The announcers continued to generate hype, but they never got it to a point at which the people would be disappointed. For all the incredible events that happen at Rucker Park on a seemingly nightly basis, it seems like the people simply come out for good basketball. Skill in the game they love trumps all, no matter how famous or renowned a player is. The people of Rucker Park love to see a Harlem player go 10-22 with 5 rebounds and no assists just as much as they love an NBA player taking his apple from the Tree of Basketball. Unconditional love of the game, regardless of everything else, is what matters most at Rucker Park.
When former New York Knick and current Golden State Warrior David Lee walked onto the court, accompanied by twenty of his closest friends as well as his celebratory teammate Kent Bazemore, the crowd went wild.
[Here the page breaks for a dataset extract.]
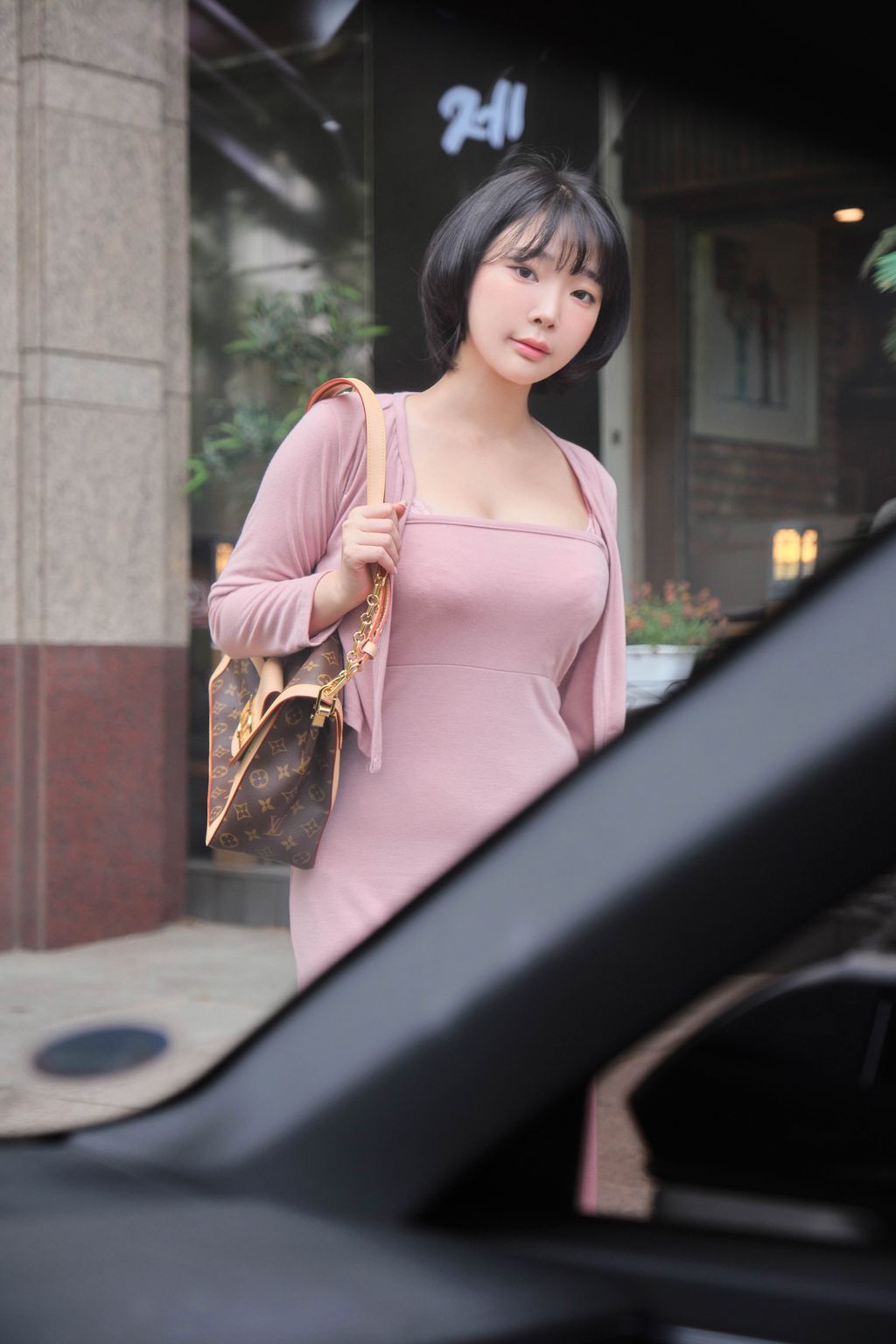Kang In-kyung (강인경): All Times Travel (116 photos )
In lieu of Kevin Durant, these guys would have to do. Donning the uniforms of Hillsong, who would play the late game against a team called Posse, Lee (“Double-Double”) and Bazemore (“BAAAAAAAAAAAZZZZZZZZZZZZZZZEEEEE”) ignited the crowd with incredible alley-oops and jump shots from neighboring postal codes during warm-ups.
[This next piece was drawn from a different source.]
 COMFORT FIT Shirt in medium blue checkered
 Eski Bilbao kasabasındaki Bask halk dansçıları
It continued into the game, which started slowly but ruptured into a scoring bonanza just before halftime. Bazemore and Lee together combined for upwards of ten alley-oops, justifying the spotlight stolen from Hillsong regulars. The game became a formality; it turned into a platform for the professionals to show just how much higher the professional standard of play is, even with officiating which accommodates the freewheeling, punishing streetball style. Lee’s high-flying antics and Bazemore’s exceptionally easy drives made it apparent that, although Rucker Park is still a test, the NBA preserves the highest forms of basketball.
As we walked out of Holcombe Rucker Park, perfectly satisfied in the blacktop displays we had just seen but still slightly wistful without Kevin Durant, a man did pull-ups on a crossing signal as Connor and I reflected on how the night went. We saw people of varying age try each other. We saw announcers grant coveted monikers to players who would never be anything else to the subjects of a righteous and pure kingdom. Above all, we saw good basketball on a warm summer night at Rucker Park. And really, who could ask for anything more?